_The data_
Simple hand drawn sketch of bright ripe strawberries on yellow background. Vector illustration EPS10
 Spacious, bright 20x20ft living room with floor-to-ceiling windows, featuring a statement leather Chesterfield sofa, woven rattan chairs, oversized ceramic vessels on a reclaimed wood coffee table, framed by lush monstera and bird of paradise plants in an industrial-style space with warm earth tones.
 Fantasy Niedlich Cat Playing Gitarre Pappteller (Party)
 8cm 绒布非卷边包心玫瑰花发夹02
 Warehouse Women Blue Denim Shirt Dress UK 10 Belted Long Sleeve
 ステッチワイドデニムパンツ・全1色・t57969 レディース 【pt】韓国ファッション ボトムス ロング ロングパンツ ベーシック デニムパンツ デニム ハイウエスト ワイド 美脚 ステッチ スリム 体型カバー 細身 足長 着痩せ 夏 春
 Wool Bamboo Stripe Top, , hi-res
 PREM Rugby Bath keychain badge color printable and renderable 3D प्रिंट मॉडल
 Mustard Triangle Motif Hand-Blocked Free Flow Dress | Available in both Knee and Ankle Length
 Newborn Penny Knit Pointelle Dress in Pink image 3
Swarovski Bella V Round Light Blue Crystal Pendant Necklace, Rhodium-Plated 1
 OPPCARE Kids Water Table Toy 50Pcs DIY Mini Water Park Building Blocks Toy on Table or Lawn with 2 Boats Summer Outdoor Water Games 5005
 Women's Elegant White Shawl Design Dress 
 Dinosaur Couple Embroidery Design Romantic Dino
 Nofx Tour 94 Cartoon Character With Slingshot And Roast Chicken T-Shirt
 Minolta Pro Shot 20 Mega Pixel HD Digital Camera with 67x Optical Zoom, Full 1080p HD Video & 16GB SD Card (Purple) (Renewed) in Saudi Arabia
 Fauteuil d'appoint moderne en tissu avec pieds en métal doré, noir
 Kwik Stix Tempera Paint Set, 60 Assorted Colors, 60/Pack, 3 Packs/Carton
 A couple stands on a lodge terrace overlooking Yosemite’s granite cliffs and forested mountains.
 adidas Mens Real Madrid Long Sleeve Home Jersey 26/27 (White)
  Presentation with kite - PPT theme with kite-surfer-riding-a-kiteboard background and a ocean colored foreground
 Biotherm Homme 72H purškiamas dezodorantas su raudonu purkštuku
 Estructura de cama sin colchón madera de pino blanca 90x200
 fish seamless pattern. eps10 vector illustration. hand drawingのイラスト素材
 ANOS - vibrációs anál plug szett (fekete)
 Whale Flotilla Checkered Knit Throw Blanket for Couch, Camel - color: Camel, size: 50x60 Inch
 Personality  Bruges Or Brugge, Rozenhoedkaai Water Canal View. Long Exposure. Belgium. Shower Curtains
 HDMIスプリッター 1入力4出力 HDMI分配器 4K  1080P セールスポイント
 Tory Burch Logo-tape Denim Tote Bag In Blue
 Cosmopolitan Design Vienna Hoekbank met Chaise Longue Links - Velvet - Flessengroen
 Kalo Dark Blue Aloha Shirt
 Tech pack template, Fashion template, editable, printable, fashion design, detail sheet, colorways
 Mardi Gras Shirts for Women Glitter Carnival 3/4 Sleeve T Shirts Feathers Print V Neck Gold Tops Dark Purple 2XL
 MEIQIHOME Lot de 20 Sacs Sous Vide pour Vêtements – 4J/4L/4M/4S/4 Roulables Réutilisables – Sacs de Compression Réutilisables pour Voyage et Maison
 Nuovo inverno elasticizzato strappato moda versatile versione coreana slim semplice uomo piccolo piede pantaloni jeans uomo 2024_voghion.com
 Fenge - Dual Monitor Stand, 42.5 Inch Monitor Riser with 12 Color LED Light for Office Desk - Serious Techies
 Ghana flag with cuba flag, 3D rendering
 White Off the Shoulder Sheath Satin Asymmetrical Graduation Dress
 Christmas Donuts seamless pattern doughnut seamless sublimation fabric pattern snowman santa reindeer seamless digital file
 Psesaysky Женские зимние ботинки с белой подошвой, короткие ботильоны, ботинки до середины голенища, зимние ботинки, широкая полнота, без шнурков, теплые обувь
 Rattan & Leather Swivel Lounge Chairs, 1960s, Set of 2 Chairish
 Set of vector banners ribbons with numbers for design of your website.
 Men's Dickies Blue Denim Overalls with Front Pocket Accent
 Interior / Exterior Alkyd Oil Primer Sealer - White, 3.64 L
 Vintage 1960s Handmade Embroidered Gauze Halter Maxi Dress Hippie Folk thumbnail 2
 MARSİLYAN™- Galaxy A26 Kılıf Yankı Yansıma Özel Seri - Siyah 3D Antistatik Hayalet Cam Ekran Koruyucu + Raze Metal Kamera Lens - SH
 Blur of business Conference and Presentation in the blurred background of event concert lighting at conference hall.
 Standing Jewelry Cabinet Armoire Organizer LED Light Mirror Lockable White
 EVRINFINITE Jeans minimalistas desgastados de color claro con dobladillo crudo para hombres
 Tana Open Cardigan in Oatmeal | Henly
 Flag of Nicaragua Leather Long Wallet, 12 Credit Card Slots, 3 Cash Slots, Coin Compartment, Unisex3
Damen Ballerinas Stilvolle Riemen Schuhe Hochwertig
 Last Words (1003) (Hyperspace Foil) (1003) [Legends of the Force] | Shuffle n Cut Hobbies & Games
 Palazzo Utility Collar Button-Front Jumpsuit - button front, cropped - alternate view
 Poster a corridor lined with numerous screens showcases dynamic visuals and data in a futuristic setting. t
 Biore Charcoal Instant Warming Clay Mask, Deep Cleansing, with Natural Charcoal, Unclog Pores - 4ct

_What needs to be done_
Each entry in the listing is to be output exactly as given.

_Result of this exercise_
Simple hand drawn sketch of bright ripe strawberries on yellow background. Vector illustration EPS10
 Spacious, bright 20x20ft living room with floor-to-ceiling windows, featuring a statement leather Chesterfield sofa, woven rattan chairs, oversized ceramic vessels on a reclaimed wood coffee table, framed by lush monstera and bird of paradise plants in an industrial-style space with warm earth tones.
 Fantasy Niedlich Cat Playing Gitarre Pappteller (Party)
 8cm 绒布非卷边包心玫瑰花发夹02
 Warehouse Women Blue Denim Shirt Dress UK 10 Belted Long Sleeve
 ステッチワイドデニムパンツ・全1色・t57969 レディース 【pt】韓国ファッション ボトムス ロング ロングパンツ ベーシック デニムパンツ デニム ハイウエスト ワイド 美脚 ステッチ スリム 体型カバー 細身 足長 着痩せ 夏 春
 Wool Bamboo Stripe Top, , hi-res
 PREM Rugby Bath keychain badge color printable and renderable 3D प्रिंट मॉडल
 Mustard Triangle Motif Hand-Blocked Free Flow Dress | Available in both Knee and Ankle Length
 Newborn Penny Knit Pointelle Dress in Pink image 3
Swarovski Bella V Round Light Blue Crystal Pendant Necklace, Rhodium-Plated 1
 OPPCARE Kids Water Table Toy 50Pcs DIY Mini Water Park Building Blocks Toy on Table or Lawn with 2 Boats Summer Outdoor Water Games 5005
 Women's Elegant White Shawl Design Dress 
 Dinosaur Couple Embroidery Design Romantic Dino
 Nofx Tour 94 Cartoon Character With Slingshot And Roast Chicken T-Shirt
 Minolta Pro Shot 20 Mega Pixel HD Digital Camera with 67x Optical Zoom, Full 1080p HD Video & 16GB SD Card (Purple) (Renewed) in Saudi Arabia
 Fauteuil d'appoint moderne en tissu avec pieds en métal doré, noir
 Kwik Stix Tempera Paint Set, 60 Assorted Colors, 60/Pack, 3 Packs/Carton
 A couple stands on a lodge terrace overlooking Yosemite’s granite cliffs and forested mountains.
 adidas Mens Real Madrid Long Sleeve Home Jersey 26/27 (White)
  Presentation with kite - PPT theme with kite-surfer-riding-a-kiteboard background and a ocean colored foreground
 Biotherm Homme 72H purškiamas dezodorantas su raudonu purkštuku
 Estructura de cama sin colchón madera de pino blanca 90x200
 fish seamless pattern. eps10 vector illustration. hand drawingのイラスト素材
 ANOS - vibrációs anál plug szett (fekete)
 Whale Flotilla Checkered Knit Throw Blanket for Couch, Camel - color: Camel, size: 50x60 Inch
 Personality  Bruges Or Brugge, Rozenhoedkaai Water Canal View. Long Exposure. Belgium. Shower Curtains
 HDMIスプリッター 1入力4出力 HDMI分配器 4K  1080P セールスポイント
 Tory Burch Logo-tape Denim Tote Bag In Blue
 Cosmopolitan Design Vienna Hoekbank met Chaise Longue Links - Velvet - Flessengroen
 Kalo Dark Blue Aloha Shirt
 Tech pack template, Fashion template, editable, printable, fashion design, detail sheet, colorways
 Mardi Gras Shirts for Women Glitter Carnival 3/4 Sleeve T Shirts Feathers Print V Neck Gold Tops Dark Purple 2XL
 MEIQIHOME Lot de 20 Sacs Sous Vide pour Vêtements – 4J/4L/4M/4S/4 Roulables Réutilisables – Sacs de Compression Réutilisables pour Voyage et Maison
 Nuovo inverno elasticizzato strappato moda versatile versione coreana slim semplice uomo piccolo piede pantaloni jeans uomo 2024_voghion.com
 Fenge - Dual Monitor Stand, 42.5 Inch Monitor Riser with 12 Color LED Light for Office Desk - Serious Techies
 Ghana flag with cuba flag, 3D rendering
 White Off the Shoulder Sheath Satin Asymmetrical Graduation Dress
 Christmas Donuts seamless pattern doughnut seamless sublimation fabric pattern snowman santa reindeer seamless digital file
 Psesaysky Женские зимние ботинки с белой подошвой, короткие ботильоны, ботинки до середины голенища, зимние ботинки, широкая полнота, без шнурков, теплые обувь
 Rattan & Leather Swivel Lounge Chairs, 1960s, Set of 2 Chairish
 Set of vector banners ribbons with numbers for design of your website.
 Men's Dickies Blue Denim Overalls with Front Pocket Accent
 Interior / Exterior Alkyd Oil Primer Sealer - White, 3.64 L
 Vintage 1960s Handmade Embroidered Gauze Halter Maxi Dress Hippie Folk thumbnail 2
 MARSİLYAN™- Galaxy A26 Kılıf Yankı Yansıma Özel Seri - Siyah 3D Antistatik Hayalet Cam Ekran Koruyucu + Raze Metal Kamera Lens - SH
 Blur of business Conference and Presentation in the blurred background of event concert lighting at conference hall.
 Standing Jewelry Cabinet Armoire Organizer LED Light Mirror Lockable White
 EVRINFINITE Jeans minimalistas desgastados de color claro con dobladillo crudo para hombres
 Tana Open Cardigan in Oatmeal | Henly
 Flag of Nicaragua Leather Long Wallet, 12 Credit Card Slots, 3 Cash Slots, Coin Compartment, Unisex3
Damen Ballerinas Stilvolle Riemen Schuhe Hochwertig
 Last Words (1003) (Hyperspace Foil) (1003) [Legends of the Force] | Shuffle n Cut Hobbies & Games
 Palazzo Utility Collar Button-Front Jumpsuit - button front, cropped - alternate view
 Poster a corridor lined with numerous screens showcases dynamic visuals and data in a futuristic setting. t
 Biore Charcoal Instant Warming Clay Mask, Deep Cleansing, with Natural Charcoal, Unclog Pores - 4ct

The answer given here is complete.